◆ **EXERCISE**
Return all entries below exactly. Skip nothing.

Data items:
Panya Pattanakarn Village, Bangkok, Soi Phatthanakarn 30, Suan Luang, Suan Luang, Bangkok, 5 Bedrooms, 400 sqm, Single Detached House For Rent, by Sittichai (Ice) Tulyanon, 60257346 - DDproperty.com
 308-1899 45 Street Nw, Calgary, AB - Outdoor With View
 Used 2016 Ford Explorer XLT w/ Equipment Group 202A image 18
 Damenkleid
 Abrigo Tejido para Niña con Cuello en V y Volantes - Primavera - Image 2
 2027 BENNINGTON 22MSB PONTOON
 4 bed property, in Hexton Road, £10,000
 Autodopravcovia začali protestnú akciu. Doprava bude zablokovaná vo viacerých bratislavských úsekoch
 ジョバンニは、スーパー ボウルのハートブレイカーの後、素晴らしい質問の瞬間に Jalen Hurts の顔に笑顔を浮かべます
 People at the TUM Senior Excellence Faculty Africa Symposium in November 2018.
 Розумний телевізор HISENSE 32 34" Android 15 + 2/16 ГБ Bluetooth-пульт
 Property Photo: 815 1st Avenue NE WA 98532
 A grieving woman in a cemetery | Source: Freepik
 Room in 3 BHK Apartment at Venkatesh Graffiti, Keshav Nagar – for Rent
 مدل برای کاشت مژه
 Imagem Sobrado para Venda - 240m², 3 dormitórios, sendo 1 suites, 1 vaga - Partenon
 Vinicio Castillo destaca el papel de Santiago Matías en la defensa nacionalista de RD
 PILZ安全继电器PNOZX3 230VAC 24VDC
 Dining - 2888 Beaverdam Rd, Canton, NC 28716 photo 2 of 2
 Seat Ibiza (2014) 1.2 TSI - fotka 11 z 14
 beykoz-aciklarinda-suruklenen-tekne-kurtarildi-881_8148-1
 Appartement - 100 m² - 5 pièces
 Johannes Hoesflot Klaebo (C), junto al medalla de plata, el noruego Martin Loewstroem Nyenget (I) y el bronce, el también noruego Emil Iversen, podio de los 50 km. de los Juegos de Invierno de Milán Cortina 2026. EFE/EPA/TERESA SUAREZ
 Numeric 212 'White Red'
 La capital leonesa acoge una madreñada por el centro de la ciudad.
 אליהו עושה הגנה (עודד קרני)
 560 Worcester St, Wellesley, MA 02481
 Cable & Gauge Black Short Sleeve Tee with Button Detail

◆ **RESPONSE TO THE TASK**
Panya Pattanakarn Village, Bangkok, Soi Phatthanakarn 30, Suan Luang, Suan Luang, Bangkok, 5 Bedrooms, 400 sqm, Single Detached House For Rent, by Sittichai (Ice) Tulyanon, 60257346 - DDproperty.com
 308-1899 45 Street Nw, Calgary, AB - Outdoor With View
 Used 2016 Ford Explorer XLT w/ Equipment Group 202A image 18
 Damenkleid
 Abrigo Tejido para Niña con Cuello en V y Volantes - Primavera - Image 2
 2027 BENNINGTON 22MSB PONTOON
 4 bed property, in Hexton Road, £10,000
 Autodopravcovia začali protestnú akciu. Doprava bude zablokovaná vo viacerých bratislavských úsekoch
 ジョバンニは、スーパー ボウルのハートブレイカーの後、素晴らしい質問の瞬間に Jalen Hurts の顔に笑顔を浮かべます
 People at the TUM Senior Excellence Faculty Africa Symposium in November 2018.
 Розумний телевізор HISENSE 32 34" Android 15 + 2/16 ГБ Bluetooth-пульт
 Property Photo: 815 1st Avenue NE WA 98532
 A grieving woman in a cemetery | Source: Freepik
 Room in 3 BHK Apartment at Venkatesh Graffiti, Keshav Nagar – for Rent
 مدل برای کاشت مژه
 Imagem Sobrado para Venda - 240m², 3 dormitórios, sendo 1 suites, 1 vaga - Partenon
 Vinicio Castillo destaca el papel de Santiago Matías en la defensa nacionalista de RD
 PILZ安全继电器PNOZX3 230VAC 24VDC
 Dining - 2888 Beaverdam Rd, Canton, NC 28716 photo 2 of 2
 Seat Ibiza (2014) 1.2 TSI - fotka 11 z 14
 beykoz-aciklarinda-suruklenen-tekne-kurtarildi-881_8148-1
 Appartement - 100 m² - 5 pièces
 Johannes Hoesflot Klaebo (C), junto al medalla de plata, el noruego Martin Loewstroem Nyenget (I) y el bronce, el también noruego Emil Iversen, podio de los 50 km. de los Juegos de Invierno de Milán Cortina 2026. EFE/EPA/TERESA SUAREZ
 Numeric 212 'White Red'
 La capital leonesa acoge una madreñada por el centro de la ciudad.
 אליהו עושה הגנה (עודד קרני)
 560 Worcester St, Wellesley, MA 02481
 Cable & Gauge Black Short Sleeve Tee with Button Detail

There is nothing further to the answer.